▶ **EXERCISE DESCRIPTION**
Restate exactly, and only, the lines from the one with "DERMA SKIN CLEAR" through the end of the data, with both of those end lines kept. Drop any pictures.

▶ **RAW DATA**
————————
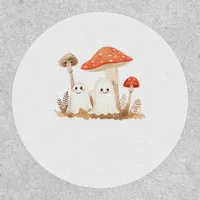 Aesthetic Cottagecore Goblincore Mushroom Cute Spo Patch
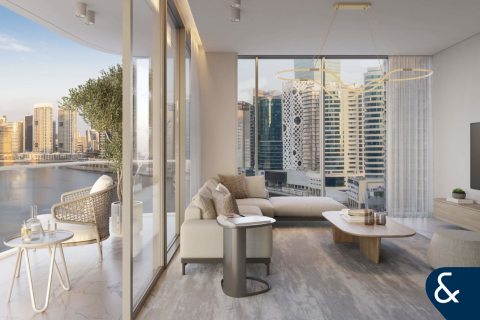 Leilighet til salgs i Business Bay, Dubai, Emiratene 3 soverom, 164 kvm Nr. 685015 - Foto 3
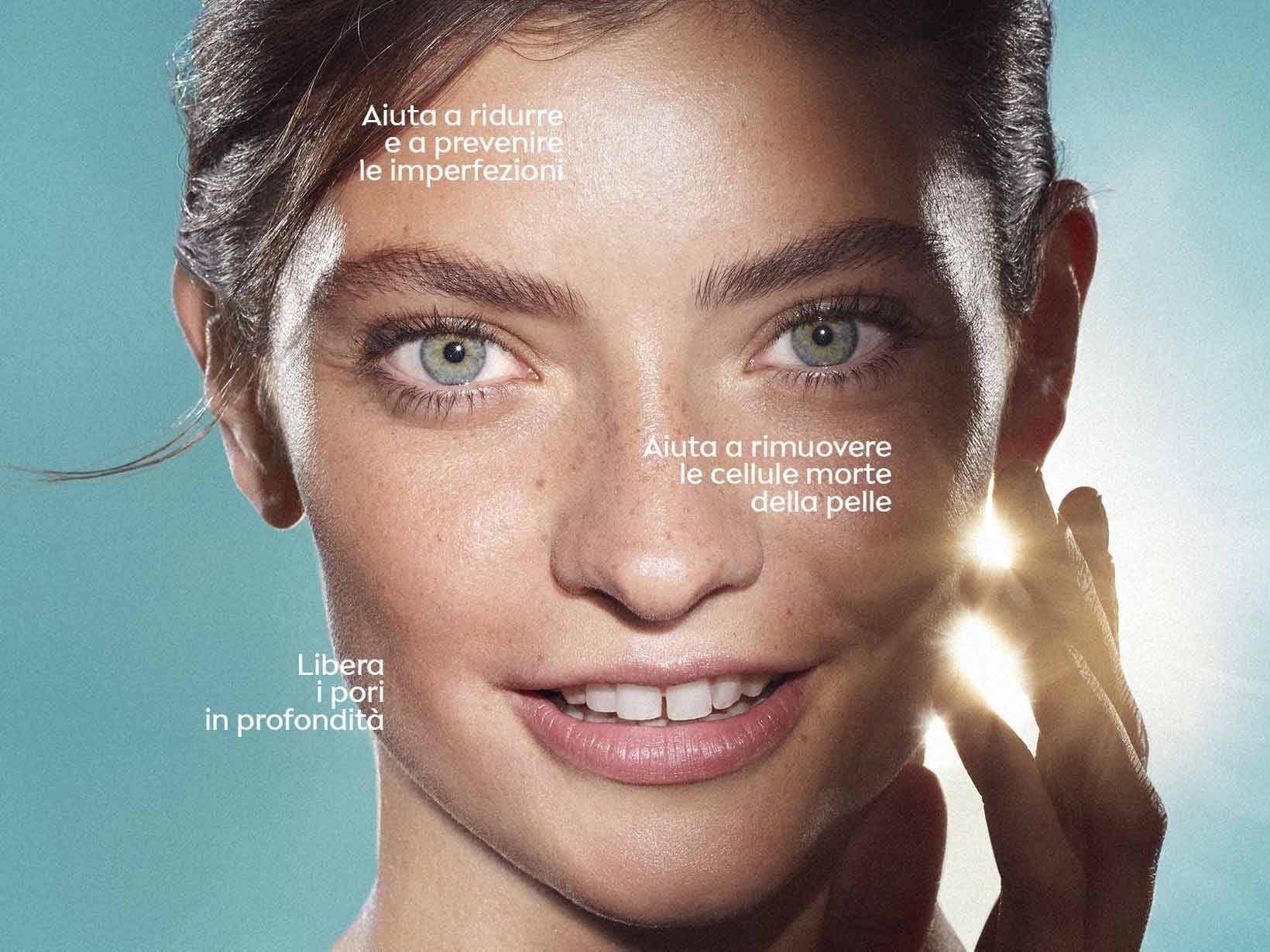 DERMA SKIN CLEAR GEL DETERGENTE ANTI-IMPERFEZIONI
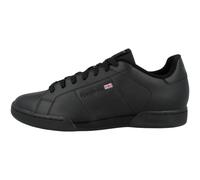 Reebok NPC II Classic Sneaker da uomo, nere, taglia 8.5 M US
————————
▶ **FINAL ANSWER**
 DERMA SKIN CLEAR GEL DETERGENTE ANTI-IMPERFEZIONI
 Reebok NPC II Classic Sneaker da uomo, nere, taglia 8.5 M US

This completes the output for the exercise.